Jr Hadoop Developer Resume

PROFESSIONAL SUMMARY:

One year of experience in the IT industry with the Hadoop ecosystem and good understanding with the Big Data technologies.
Experience on Hadoop environment includes MapReduce,HDFS,HBase,oozie,Pig,Hive,Kafka,Spark.
Good knowledge in spark core,Streaming,Data Frames and SQL,MLib.
In depth knowledge of Hadoop Architecture and its various componets such as job tracker,Task Tracker,Name Node,Data Node,Resource Manager and Map reduce componets.This componets are also called as the Five Demons in Hadoop Architecture.
Worked on Hive for ETL Transformations and optimized Hive queries.
Developed pig latin scripts.
Used flume and Sqoop to channel data from different sources of HDFS and RDBMS.
Job workflow scheduling and monitoring using tools like Oozie
Used spark streaming for the real time analysis of data coming constantly.
Using kafka and integrating with the Spark Streaming
Worked with relational database systems (RDBMS) such as Mysql,Oracle and database systems like HBase.
Good knowledge on Hadoop cluster architecture.
Good knowledge on Data Modelling and Data Mining to model the data as per business requirements.
Worked on programming in java and scala.

TECHNICAL SKILLS:

Big Data Ecosystem: Hadoop,MapReduce,YARN,pig,Hive,Sqoop,Impala,Oozie,Spark and Kafka

Hadoop Distributions: Cloudera(CDH3) and Map Reduce.

Languages: Java,Scala,SQL,HTML and C/C++

DB languages: My SQL

Build tools: Eclipse,Maven and ETL

Operating systems: LINUX, Mac os and Windows.

PROFESSIONAL EXPERIENCE:

Jr Hadoop Developer

Confidential

Responsibilities:

Handled importing of data from various sources, performed transformations using Pig and loaded data into HDFS and Extracted the data from MySQL into HDFS using Sqoop.
Experienced in implementing different kind of joins to integrate data from different data sets like Map and reduce side join.
Involved in loading data from edge node to HDFS using shell scripting
Involved in loading data from UNIX file system to HDFS.
Managing and scheduling Jobs on a Hadoop Cloudera cluster using Oozie work flows and java schedulers.
Integrated Oozie with the rest of the Hadoop stack supporting several types of Hadoop jobs out of the box (such as Map - Reduce, Pig, Hive, and Sqoop) as well as system specific jobs (such as Java programs and shell scripts.
Used Impala to read, write and query the data in HDFS
Developing predictive analytic using Apache Spark Scala API’s.

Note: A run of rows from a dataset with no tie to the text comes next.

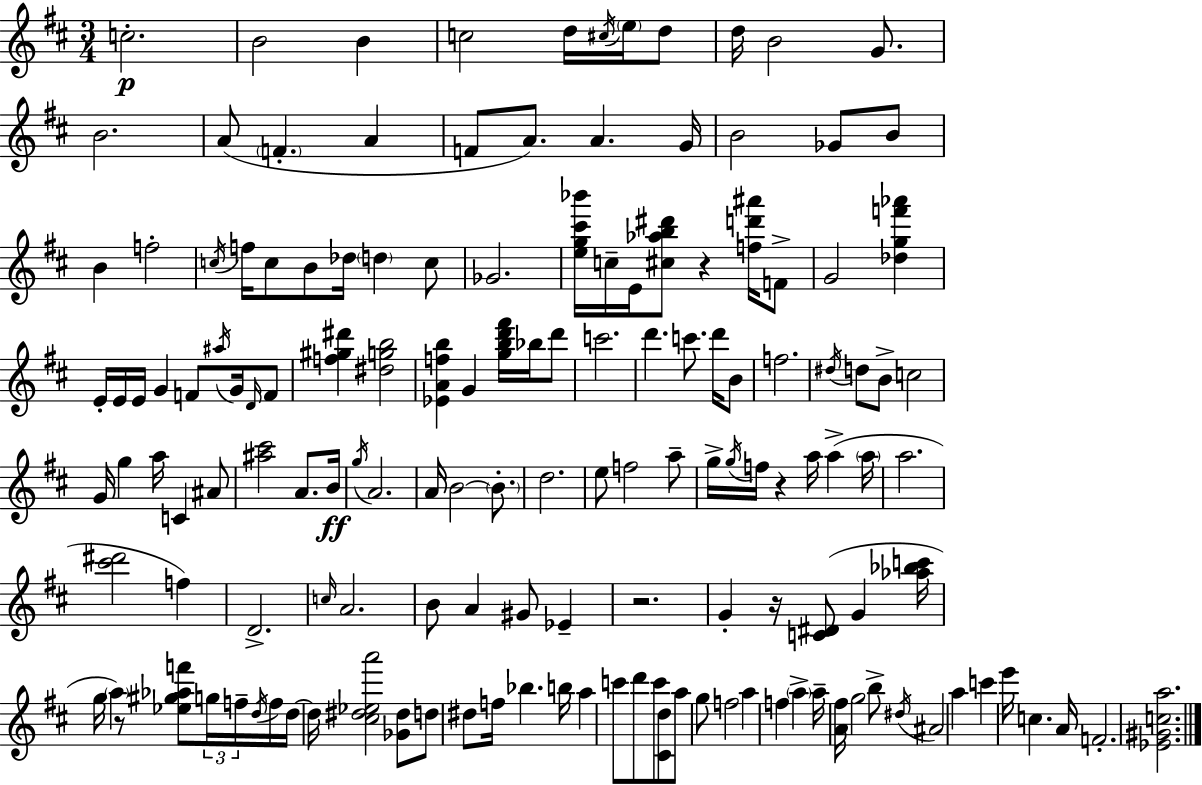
{
  \clef treble
  \numericTimeSignature
  \time 3/4
  \key d \major
  \repeat volta 2 { c''2.-.\p | b'2 b'4 | c''2 d''16 \acciaccatura { cis''16 } \parenthesize e''16 d''8 | d''16 b'2 g'8. | \break b'2. | a'8( \parenthesize f'4.-. a'4 | f'8 a'8.) a'4. | g'16 b'2 ges'8 b'8 | \break b'4 f''2-. | \acciaccatura { c''16 } f''16 c''8 b'8 des''16 \parenthesize d''4 | c''8 ges'2. | <e'' g'' cis''' bes'''>16 c''16-- e'16 <cis'' aes'' b'' dis'''>8 r4 <f'' d''' ais'''>16 | \break f'8-> g'2 <des'' g'' f''' aes'''>4 | e'16-. e'16 e'16 g'4 f'8 \acciaccatura { ais''16 } | g'16 \grace { d'16 } f'8 <f'' gis'' dis'''>4 <dis'' g'' b''>2 | <ees' a' f'' b''>4 g'4 | \break <g'' b'' d''' fis'''>16 bes''16 d'''8 c'''2. | d'''4. c'''8. | d'''16 b'8 f''2. | \acciaccatura { dis''16 } d''8 b'8-> c''2 | \break g'16 g''4 a''16 c'4 | ais'8 <ais'' cis'''>2 | a'8. b'16\ff \acciaccatura { g''16 } a'2. | a'16 b'2~~ | \break \parenthesize b'8.-. d''2. | e''8 f''2 | a''8-- g''16-> \acciaccatura { g''16 } f''16 r4 | a''16 a''4->( \parenthesize a''16 a''2. | \break <cis''' dis'''>2 | f''4) d'2.-> | \grace { c''16 } a'2. | b'8 a'4 | \break gis'8 ees'4-- r2. | g'4-. | r16 <c' dis'>8( g'4 <aes'' bes'' c'''>16 g''16 \parenthesize a''4) | r8 <ees'' gis'' aes'' f'''>8 \tuplet 3/2 { g''16 f''16-- \acciaccatura { d''16 } } f''16 d''16~~ d''16 <cis'' dis'' ees'' a'''>2 | \break <ges' dis''>8 d''8 dis''8 | f''16 bes''4. b''16 a''4 | c'''8 d'''8 c'''8 <cis' d''>8 a''8 g''8 | f''2 a''4 | \break f''4 \parenthesize a''4-> a''16-- <a' fis''>16 g''2 | b''8-> \acciaccatura { dis''16 } ais'2 | a''4 c'''4 | e'''16 c''4. a'16 f'2.-. | \break <ees' gis' c'' a''>2. | } \bar "|."
}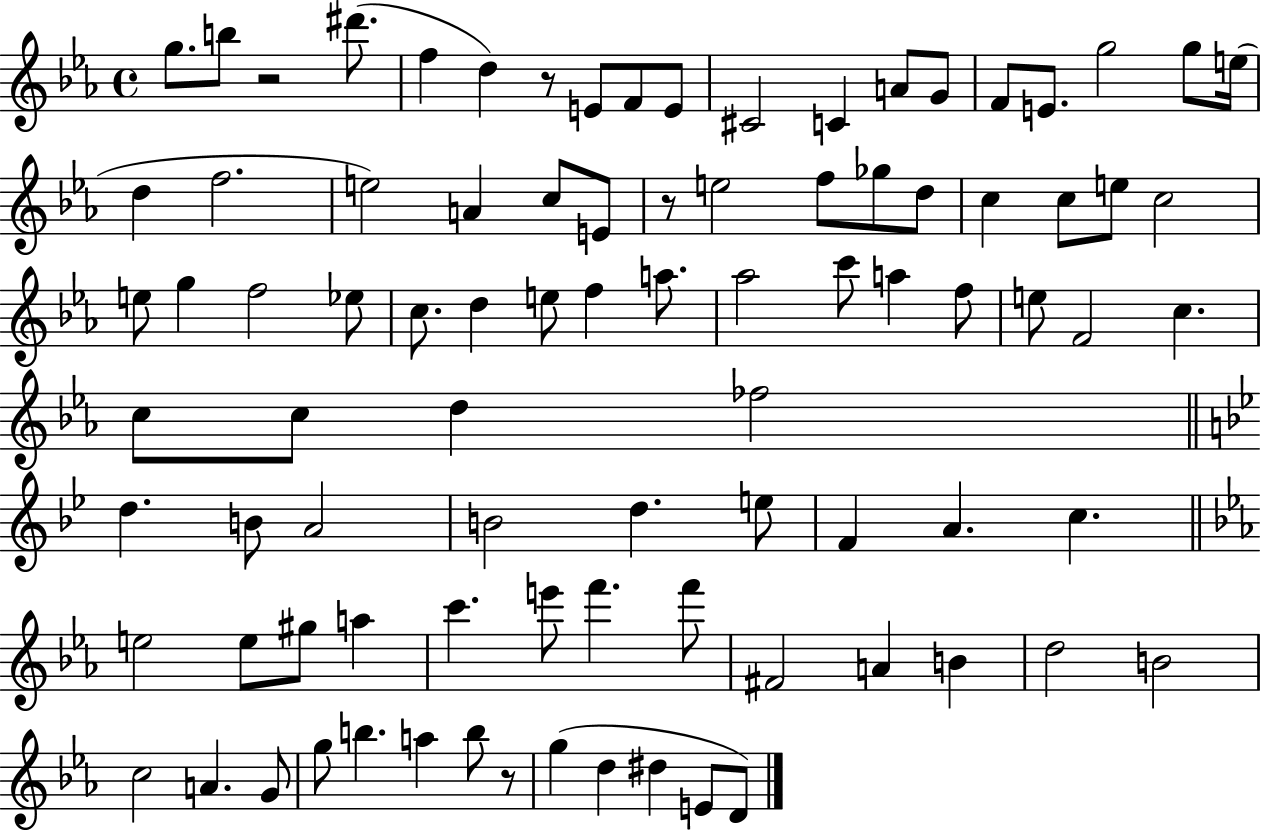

Knowledge in Spark Core, Streaming, Data Frames and SQL, MLib, GraphX.
Used Spark stream processing get data into in-memory, implemented RDD transformations, actions to process as units.
Created and worked Sqoop jobs with incremental load to populate Hive External tables.
Automated the data processing with Oozie to automate data loading into the Hadoop Distributed File System.
Involved in agile methodologies, daily scrum meetings, planning's.